* **WHAT IS BEING ASKED**
Your answer should repeat exactly the lines from the one holding "15 Pierce Rd, East Windsor, NJ 08520" through the end of the data, and it should contain no pictures.

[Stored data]
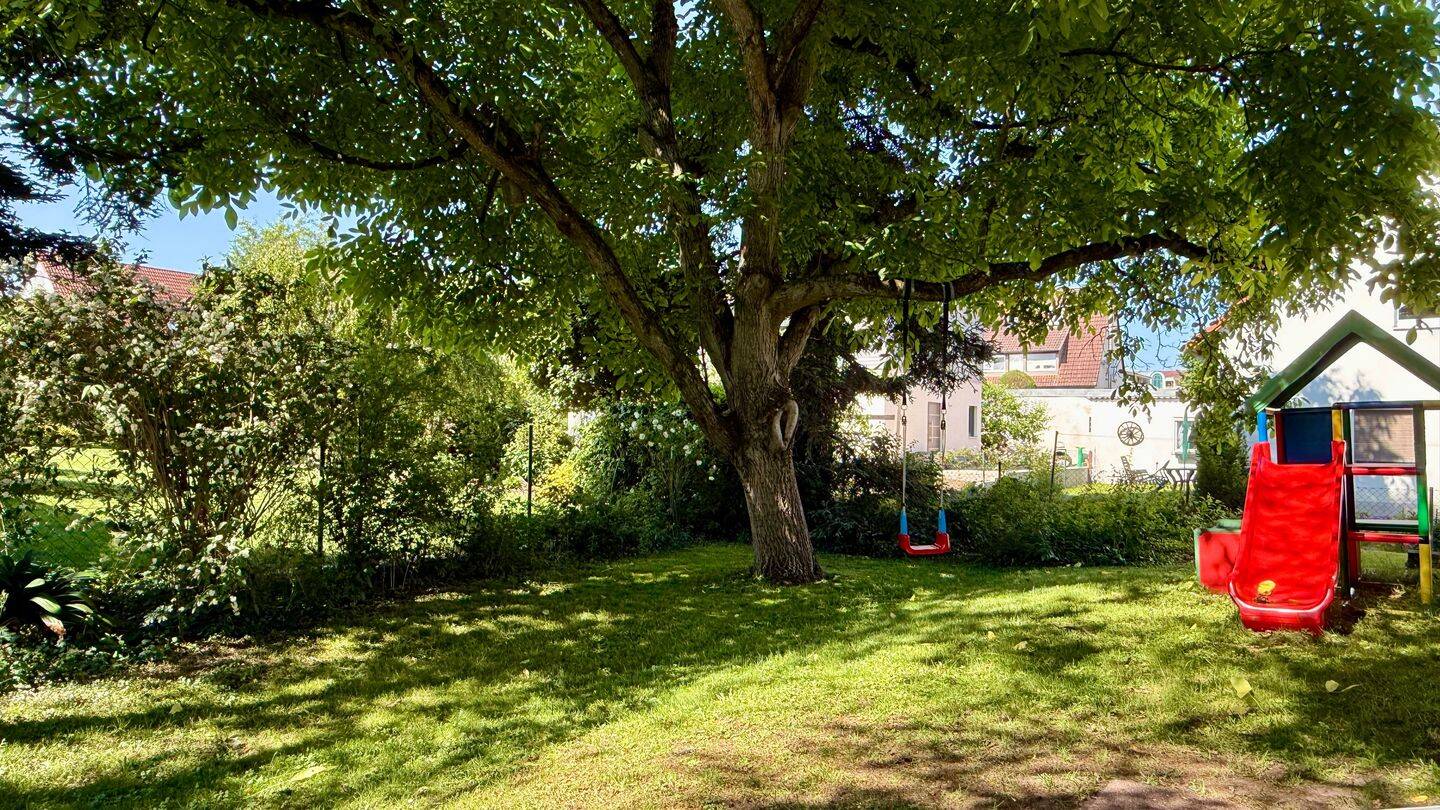 Freistehendes EFH in ruhiger Lage mit 700 qm Grund, 90455 Nürnberg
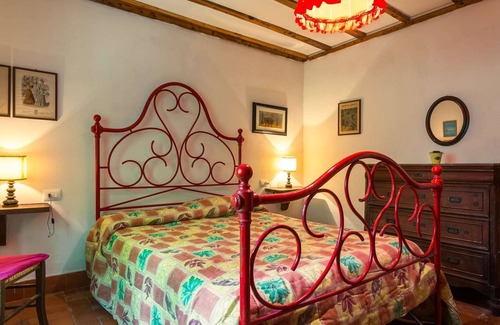 San Marcello Piteglio Casa | Espaciosa casa de vacaciones con piscina compartida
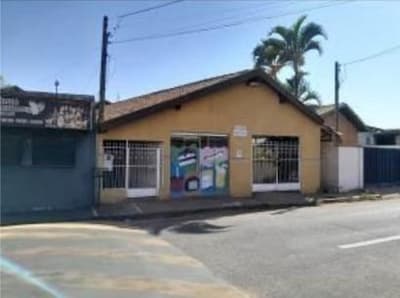 Foto 2 de 13: Comercial em leilão em Barretos - SP — Imóvel Misto, sala comercial, 2 casas, 2 quitinetes. Bairro Marilia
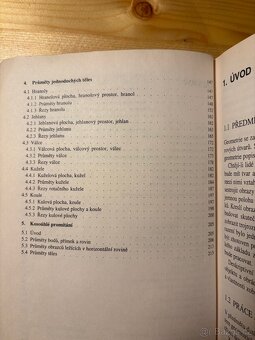 Deskriptivní geometrie pro 1. ročník SPŠ stavebních - 4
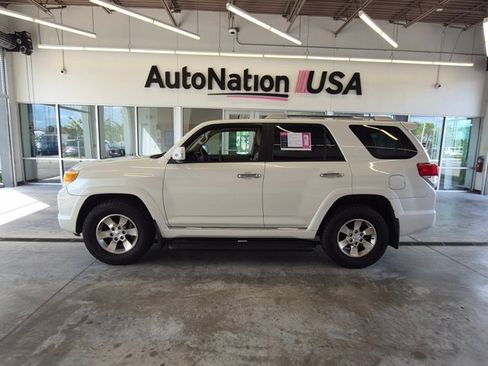 Used 2011 Toyota 4Runner SR5 w/ Convenience Pkg RWD image 9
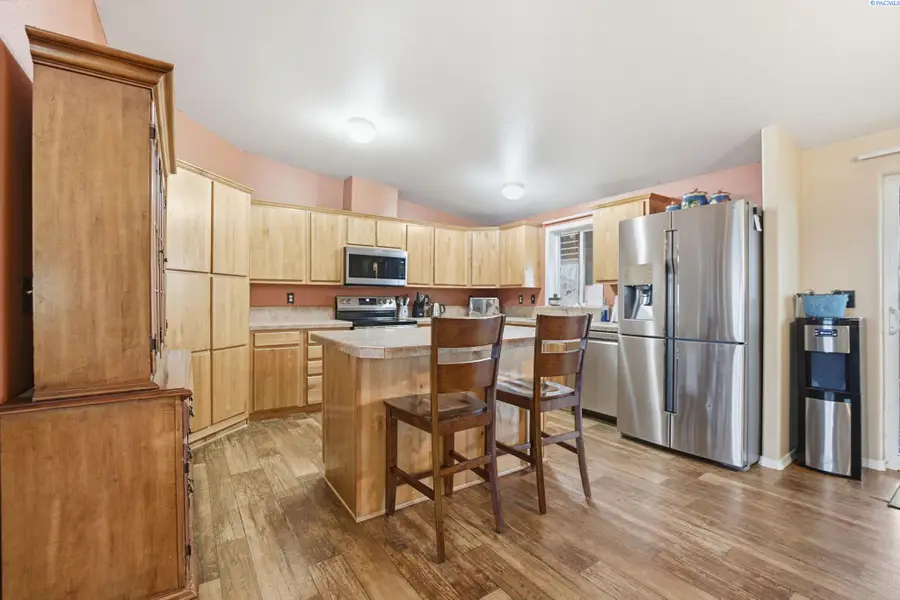 68610 E Bluesky Pr Se, Plymouth, WA 99346 - Image #3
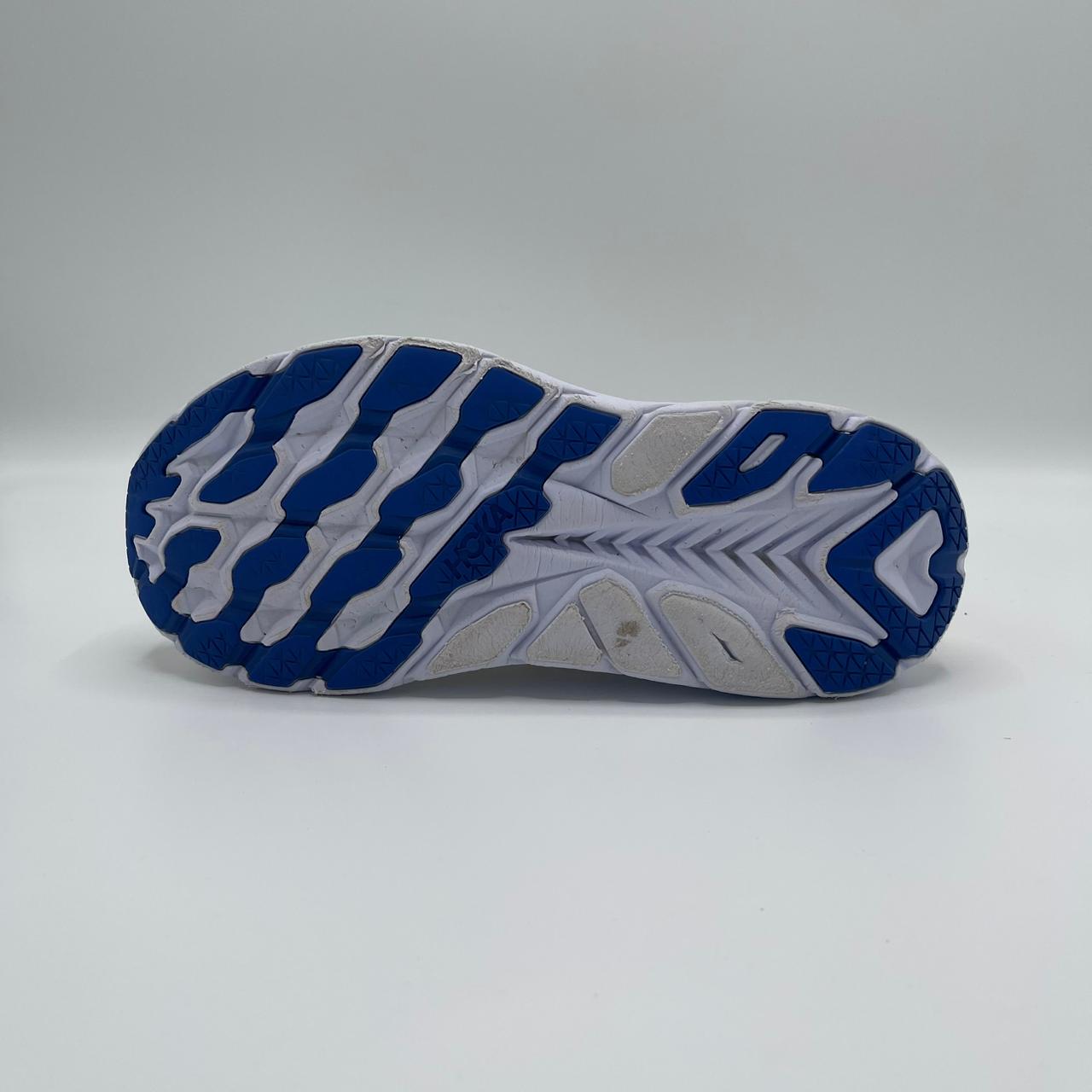 HOKA CLIFTON 8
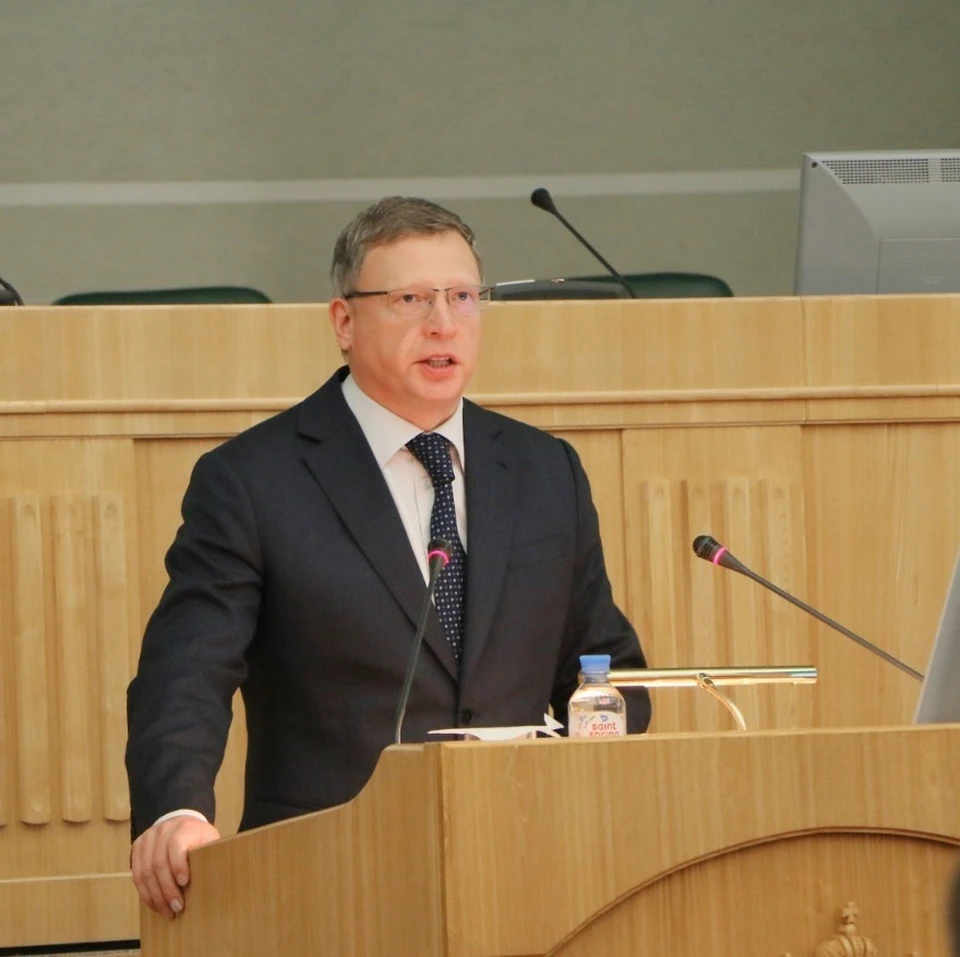 Губернатор призвал омичей голосовать за дизайн-проекты зеленых зон.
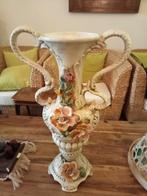 Ancien Vase en porcelaine capidolmente ( haut 60 cm )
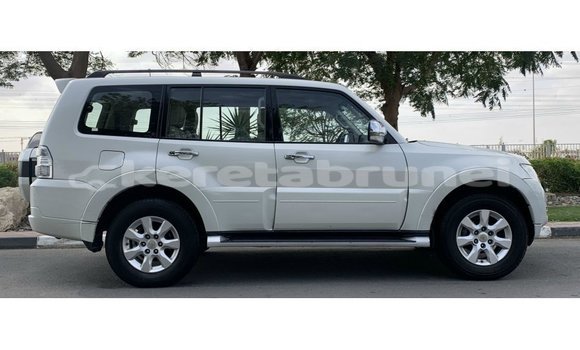 Buy Import Mitsubishi Pajero White Car in Import - Dubai in Belait Buy Import Mitsubishi Pajero White Car in Import - Dubai in Belait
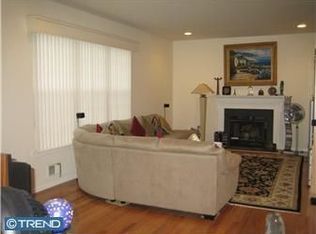 15 Pierce Rd, East Windsor, NJ 08520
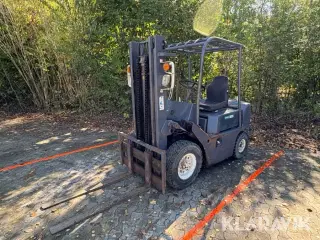 Truck TCM FD25Z3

* **ANSWER AREA**
 15 Pierce Rd, East Windsor, NJ 08520
 Truck TCM FD25Z3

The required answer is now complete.